- BRIEF -
Among the entries below, only the lines from the one with "Hello everyone and" through the one with "exactly the same.'" are wanted, reproduced exactly. Pictures are not wanted.

- DATA RECORDS -
##############################

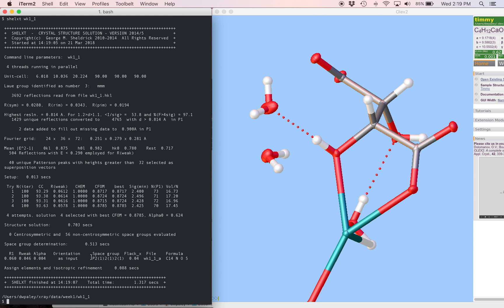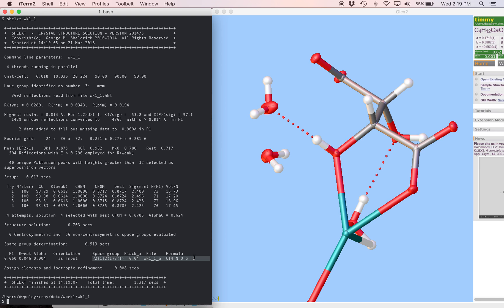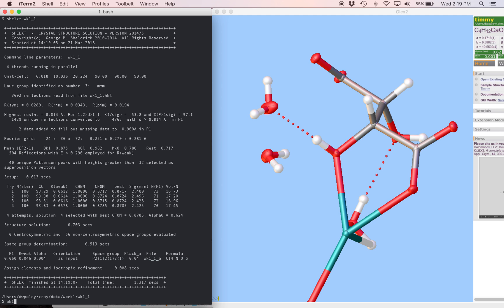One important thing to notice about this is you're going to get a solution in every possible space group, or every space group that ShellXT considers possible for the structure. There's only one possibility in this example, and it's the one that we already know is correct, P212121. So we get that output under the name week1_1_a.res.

##############################

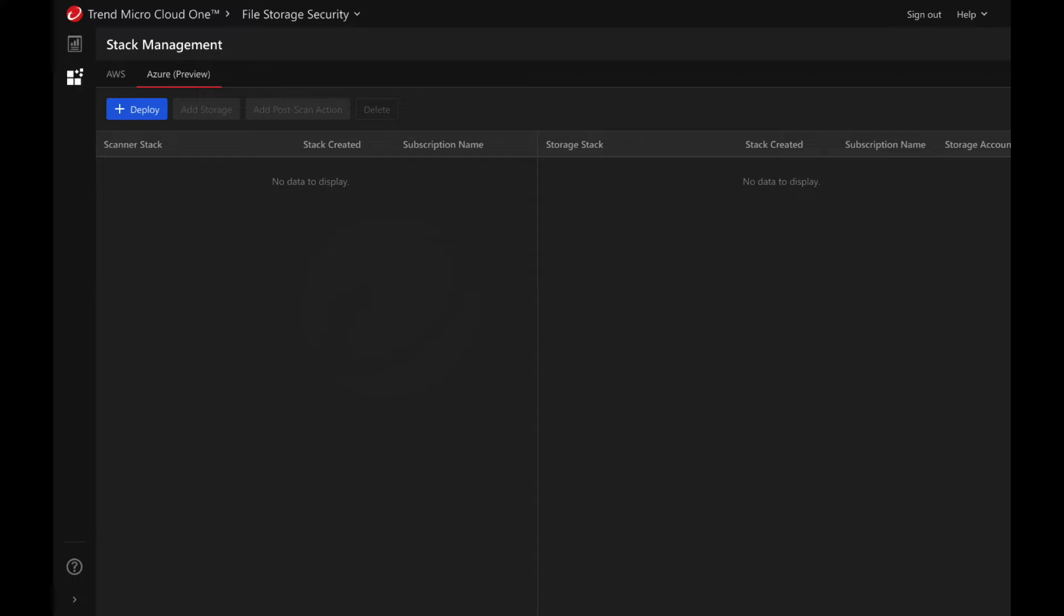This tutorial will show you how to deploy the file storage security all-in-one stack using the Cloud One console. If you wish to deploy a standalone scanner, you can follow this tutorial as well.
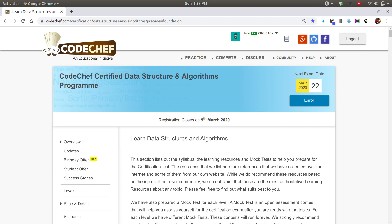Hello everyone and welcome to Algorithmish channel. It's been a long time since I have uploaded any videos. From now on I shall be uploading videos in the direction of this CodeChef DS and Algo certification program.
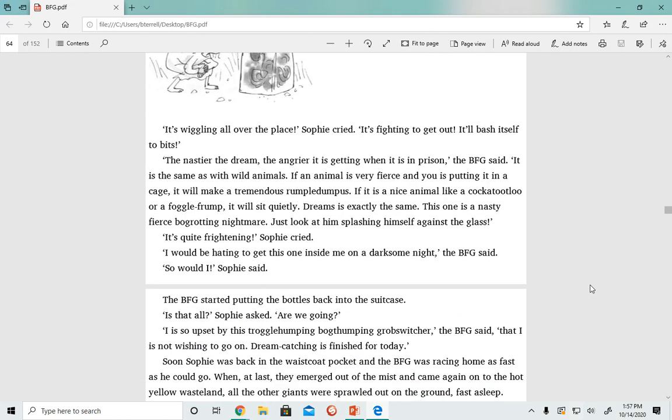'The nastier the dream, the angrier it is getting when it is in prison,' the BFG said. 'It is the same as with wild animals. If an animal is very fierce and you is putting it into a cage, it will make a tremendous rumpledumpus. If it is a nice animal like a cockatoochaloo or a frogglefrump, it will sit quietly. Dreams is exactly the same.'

##############################

- RESULT FOR THIS TASK -
Hello everyone and welcome to Algorithmish channel. It's been a long time since I have uploaded any videos. From now on I shall be uploading videos in the direction of this CodeChef DS and Algo certification program.
'The nastier the dream, the angrier it is getting when it is in prison,' the BFG said. 'It is the same as with wild animals. If an animal is very fierce and you is putting it into a cage, it will make a tremendous rumpledumpus. If it is a nice animal like a cockatoochaloo or a frogglefrump, it will sit quietly. Dreams is exactly the same.'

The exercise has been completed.